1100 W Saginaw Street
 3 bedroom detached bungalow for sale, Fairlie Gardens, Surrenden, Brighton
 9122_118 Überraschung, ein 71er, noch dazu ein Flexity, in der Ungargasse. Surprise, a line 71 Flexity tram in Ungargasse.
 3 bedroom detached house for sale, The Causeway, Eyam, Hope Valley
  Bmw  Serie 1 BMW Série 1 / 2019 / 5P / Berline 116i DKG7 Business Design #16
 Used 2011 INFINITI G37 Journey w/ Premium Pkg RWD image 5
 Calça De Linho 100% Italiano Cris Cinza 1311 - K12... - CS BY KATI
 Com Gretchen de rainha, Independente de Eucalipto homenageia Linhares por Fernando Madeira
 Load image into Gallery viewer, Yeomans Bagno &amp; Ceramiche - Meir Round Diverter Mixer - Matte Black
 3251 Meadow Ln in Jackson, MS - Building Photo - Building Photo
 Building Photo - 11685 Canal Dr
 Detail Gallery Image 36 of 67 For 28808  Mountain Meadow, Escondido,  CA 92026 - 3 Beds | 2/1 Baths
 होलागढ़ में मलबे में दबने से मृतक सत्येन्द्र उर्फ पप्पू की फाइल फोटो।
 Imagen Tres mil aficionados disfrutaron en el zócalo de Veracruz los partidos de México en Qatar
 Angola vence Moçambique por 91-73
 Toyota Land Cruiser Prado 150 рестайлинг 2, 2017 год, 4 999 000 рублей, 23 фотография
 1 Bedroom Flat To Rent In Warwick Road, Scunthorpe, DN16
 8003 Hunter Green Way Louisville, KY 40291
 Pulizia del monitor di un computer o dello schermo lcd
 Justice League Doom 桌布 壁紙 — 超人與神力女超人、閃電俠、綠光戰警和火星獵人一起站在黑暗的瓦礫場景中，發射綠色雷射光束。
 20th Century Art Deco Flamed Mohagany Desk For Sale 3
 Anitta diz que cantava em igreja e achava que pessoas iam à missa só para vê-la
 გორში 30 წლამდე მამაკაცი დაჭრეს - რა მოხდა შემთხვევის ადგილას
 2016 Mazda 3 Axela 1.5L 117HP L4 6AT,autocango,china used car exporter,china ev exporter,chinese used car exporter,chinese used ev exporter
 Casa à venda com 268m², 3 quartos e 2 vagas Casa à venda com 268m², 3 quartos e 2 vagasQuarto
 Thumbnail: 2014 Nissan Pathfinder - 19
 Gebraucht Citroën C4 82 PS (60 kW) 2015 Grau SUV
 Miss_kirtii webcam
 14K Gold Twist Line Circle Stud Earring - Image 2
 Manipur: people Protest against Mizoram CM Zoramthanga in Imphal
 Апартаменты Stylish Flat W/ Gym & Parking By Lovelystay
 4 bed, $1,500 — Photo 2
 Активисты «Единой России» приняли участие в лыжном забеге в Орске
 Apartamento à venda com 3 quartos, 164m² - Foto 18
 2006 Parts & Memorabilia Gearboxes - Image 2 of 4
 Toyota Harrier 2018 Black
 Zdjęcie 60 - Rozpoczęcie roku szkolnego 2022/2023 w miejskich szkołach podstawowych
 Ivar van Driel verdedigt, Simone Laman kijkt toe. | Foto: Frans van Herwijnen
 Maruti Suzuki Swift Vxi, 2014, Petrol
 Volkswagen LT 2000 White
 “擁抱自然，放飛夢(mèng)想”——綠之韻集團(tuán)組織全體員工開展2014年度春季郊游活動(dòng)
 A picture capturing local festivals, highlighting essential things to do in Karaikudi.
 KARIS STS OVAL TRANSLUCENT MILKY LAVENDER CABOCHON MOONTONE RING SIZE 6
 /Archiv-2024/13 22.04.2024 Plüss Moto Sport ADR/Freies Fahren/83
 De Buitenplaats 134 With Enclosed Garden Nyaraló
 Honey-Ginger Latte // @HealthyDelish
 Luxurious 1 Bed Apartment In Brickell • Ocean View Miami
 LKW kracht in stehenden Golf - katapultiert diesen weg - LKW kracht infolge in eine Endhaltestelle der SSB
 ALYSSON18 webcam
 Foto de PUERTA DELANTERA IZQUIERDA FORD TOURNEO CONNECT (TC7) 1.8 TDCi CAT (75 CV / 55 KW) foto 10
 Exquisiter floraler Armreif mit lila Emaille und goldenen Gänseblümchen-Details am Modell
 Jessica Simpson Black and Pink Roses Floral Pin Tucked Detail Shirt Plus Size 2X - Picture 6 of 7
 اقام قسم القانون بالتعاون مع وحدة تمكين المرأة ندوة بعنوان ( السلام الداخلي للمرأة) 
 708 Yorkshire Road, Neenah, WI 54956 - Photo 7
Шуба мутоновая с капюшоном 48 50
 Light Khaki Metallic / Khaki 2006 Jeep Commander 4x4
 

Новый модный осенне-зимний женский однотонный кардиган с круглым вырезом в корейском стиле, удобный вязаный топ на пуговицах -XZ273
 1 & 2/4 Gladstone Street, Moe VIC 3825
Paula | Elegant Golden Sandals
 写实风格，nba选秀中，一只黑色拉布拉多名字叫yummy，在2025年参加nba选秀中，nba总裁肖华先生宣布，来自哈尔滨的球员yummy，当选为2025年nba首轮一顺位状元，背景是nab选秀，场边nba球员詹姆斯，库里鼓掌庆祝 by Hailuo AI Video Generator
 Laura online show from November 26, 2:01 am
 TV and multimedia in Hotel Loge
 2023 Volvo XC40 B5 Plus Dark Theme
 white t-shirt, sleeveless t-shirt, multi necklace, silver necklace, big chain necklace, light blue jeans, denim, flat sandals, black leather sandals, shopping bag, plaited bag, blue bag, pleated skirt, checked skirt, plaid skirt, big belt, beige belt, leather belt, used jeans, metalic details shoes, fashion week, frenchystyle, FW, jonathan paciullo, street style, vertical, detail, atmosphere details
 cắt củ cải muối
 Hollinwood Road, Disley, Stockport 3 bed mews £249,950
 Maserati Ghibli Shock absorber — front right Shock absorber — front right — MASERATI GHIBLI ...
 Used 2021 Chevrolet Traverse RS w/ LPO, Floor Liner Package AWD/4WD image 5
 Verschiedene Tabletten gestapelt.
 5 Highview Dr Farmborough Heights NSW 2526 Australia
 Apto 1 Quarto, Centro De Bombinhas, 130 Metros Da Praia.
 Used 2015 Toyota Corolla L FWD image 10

▶ Goal of the exercise
Output should match, line for line, the stretch of the material above from the line holding "Exquisiter floraler Armreif" through the line holding "Paula | Elegant Golden Sandals".

▶ The completed task
 Exquisiter floraler Armreif mit lila Emaille und goldenen Gänseblümchen-Details am Modell
 Jessica Simpson Black and Pink Roses Floral Pin Tucked Detail Shirt Plus Size 2X - Picture 6 of 7
 اقام قسم القانون بالتعاون مع وحدة تمكين المرأة ندوة بعنوان ( السلام الداخلي للمرأة) 
 708 Yorkshire Road, Neenah, WI 54956 - Photo 7
Шуба мутоновая с капюшоном 48 50
 Light Khaki Metallic / Khaki 2006 Jeep Commander 4x4
 

Новый модный осенне-зимний женский однотонный кардиган с круглым вырезом в корейском стиле, удобный вязаный топ на пуговицах -XZ273
 1 & 2/4 Gladstone Street, Moe VIC 3825
Paula | Elegant Golden Sandals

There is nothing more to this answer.